Stored data: Begin

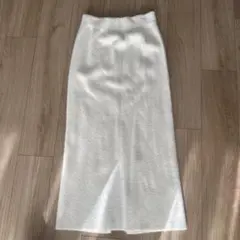 ナルシスホワイト スリット ロングスカート Fサイズのサムネイル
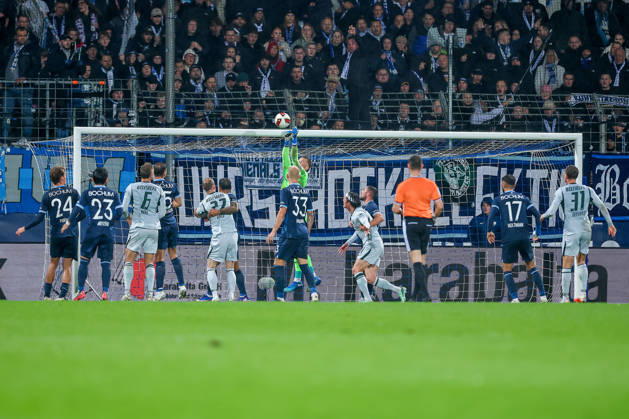 23.10.2026, Fußball, VfL Bochum - VfL Wolfsburg, 2. Fußball-Bundesliga, 9. Spieltag, Vonovia Ruhrstadion, Saison 2026 27: Torwart Timo Horn (VfL Bochum 01) verteidigt das Tor im Strafraum Strafraumaktion DFB regulations prohibit any use of photographs as image sequences and or quasi-video. Nordrhein-Westfalen Deutschland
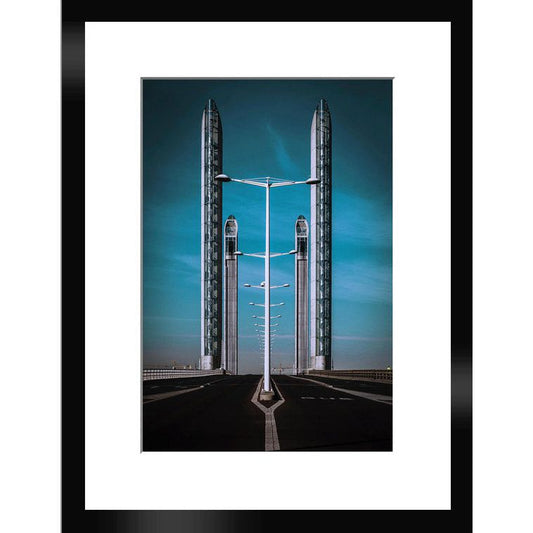Tirage d'art "The Bridge" – 20x30 cm – Cadre Nielsen bois 30x40 cm - Boutique Ømm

Stored data: End

Exercise. Repeat the data exactly as written, but without the pictures.

Answer.
 ナルシスホワイト スリット ロングスカート Fサイズのサムネイル
 23.10.2026, Fußball, VfL Bochum - VfL Wolfsburg, 2. Fußball-Bundesliga, 9. Spieltag, Vonovia Ruhrstadion, Saison 2026 27: Torwart Timo Horn (VfL Bochum 01) verteidigt das Tor im Strafraum Strafraumaktion DFB regulations prohibit any use of photographs as image sequences and or quasi-video. Nordrhein-Westfalen Deutschland
Tirage d'art "The Bridge" – 20x30 cm – Cadre Nielsen bois 30x40 cm - Boutique Ømm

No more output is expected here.